Required work
Leave out the images and transcribe the entries below word for word.

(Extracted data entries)
══════════════════════════════
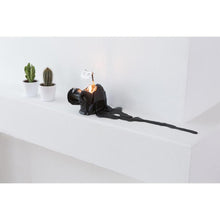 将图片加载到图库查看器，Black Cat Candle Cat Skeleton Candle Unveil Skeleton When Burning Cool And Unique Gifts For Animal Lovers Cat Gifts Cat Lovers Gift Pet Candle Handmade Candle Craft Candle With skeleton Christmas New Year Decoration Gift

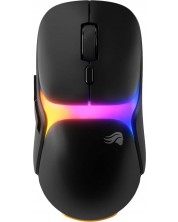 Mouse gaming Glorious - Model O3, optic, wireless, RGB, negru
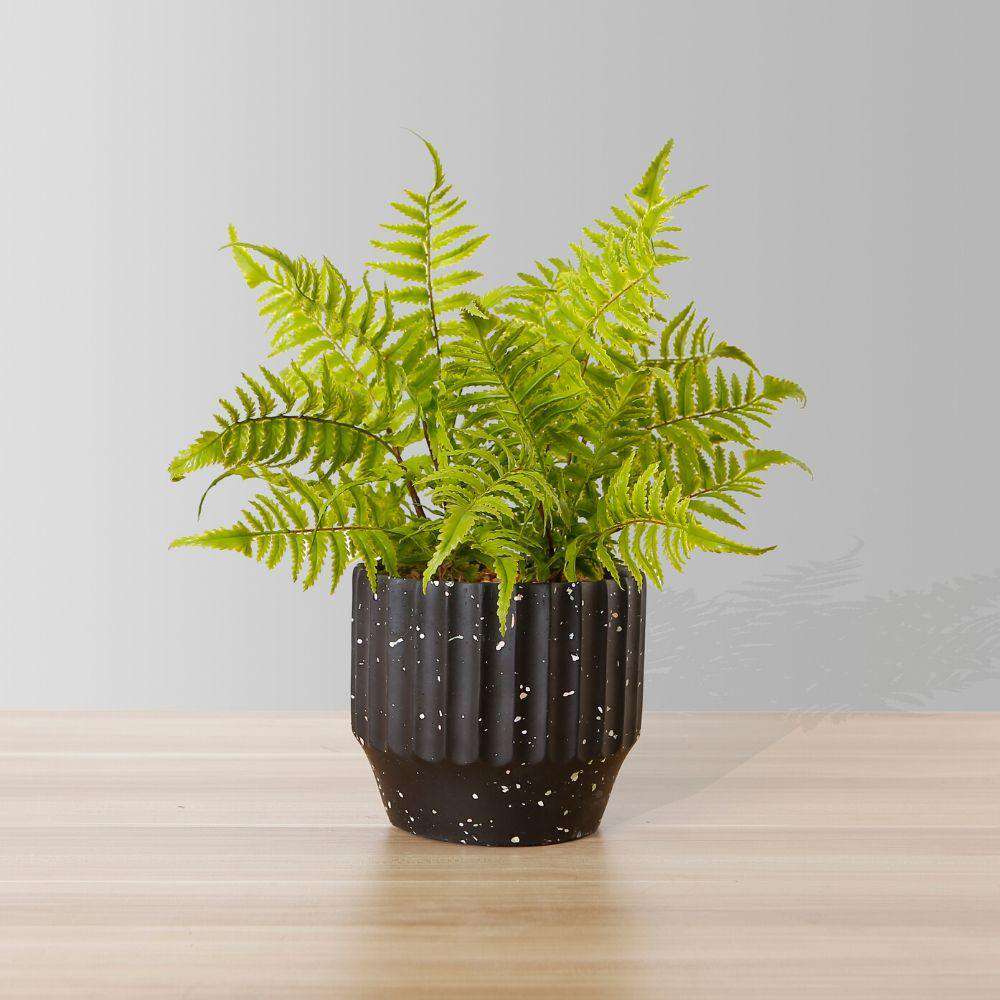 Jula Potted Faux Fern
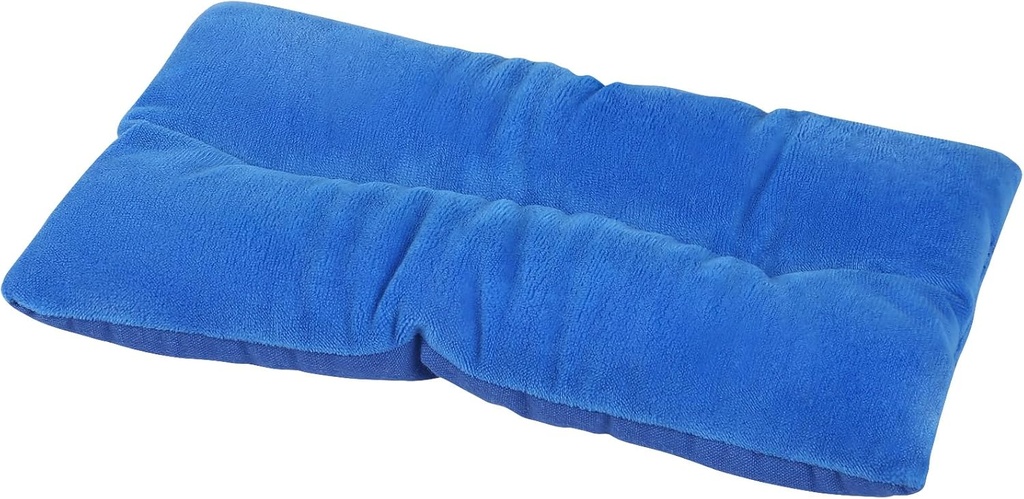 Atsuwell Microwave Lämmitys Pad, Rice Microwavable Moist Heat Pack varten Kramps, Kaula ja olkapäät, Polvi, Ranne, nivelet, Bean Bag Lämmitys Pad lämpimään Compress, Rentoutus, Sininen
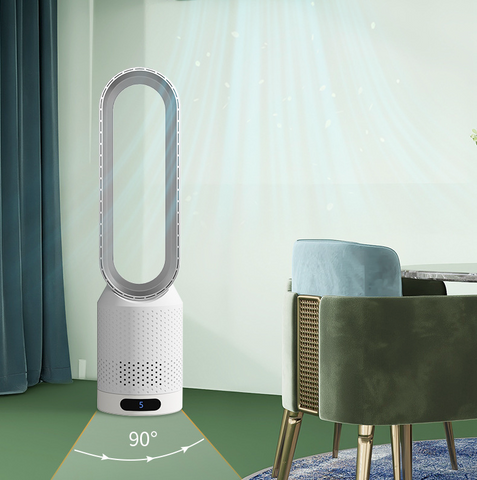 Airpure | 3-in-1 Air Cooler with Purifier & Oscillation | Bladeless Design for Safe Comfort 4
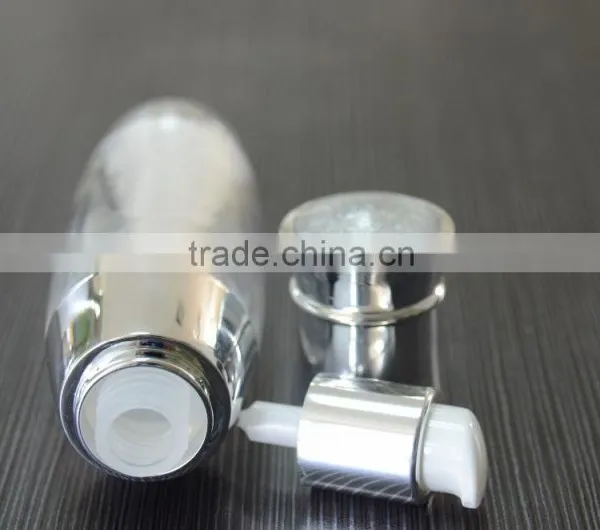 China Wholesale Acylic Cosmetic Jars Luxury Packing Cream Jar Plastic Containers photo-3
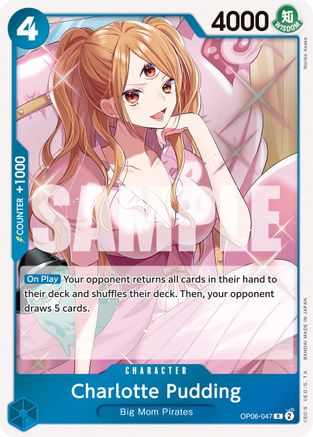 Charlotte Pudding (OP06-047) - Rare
══════════════════════════════
Finished task
 将图片加载到图库查看器，Black Cat Candle Cat Skeleton Candle Unveil Skeleton When Burning Cool And Unique Gifts For Animal Lovers Cat Gifts Cat Lovers Gift Pet Candle Handmade Candle Craft Candle With skeleton Christmas New Year Decoration Gift

 Mouse gaming Glorious - Model O3, optic, wireless, RGB, negru
 Jula Potted Faux Fern
 Atsuwell Microwave Lämmitys Pad, Rice Microwavable Moist Heat Pack varten Kramps, Kaula ja olkapäät, Polvi, Ranne, nivelet, Bean Bag Lämmitys Pad lämpimään Compress, Rentoutus, Sininen
 Airpure | 3-in-1 Air Cooler with Purifier & Oscillation | Bladeless Design for Safe Comfort 4
 China Wholesale Acylic Cosmetic Jars Luxury Packing Cream Jar Plastic Containers photo-3
 Charlotte Pudding (OP06-047) - Rare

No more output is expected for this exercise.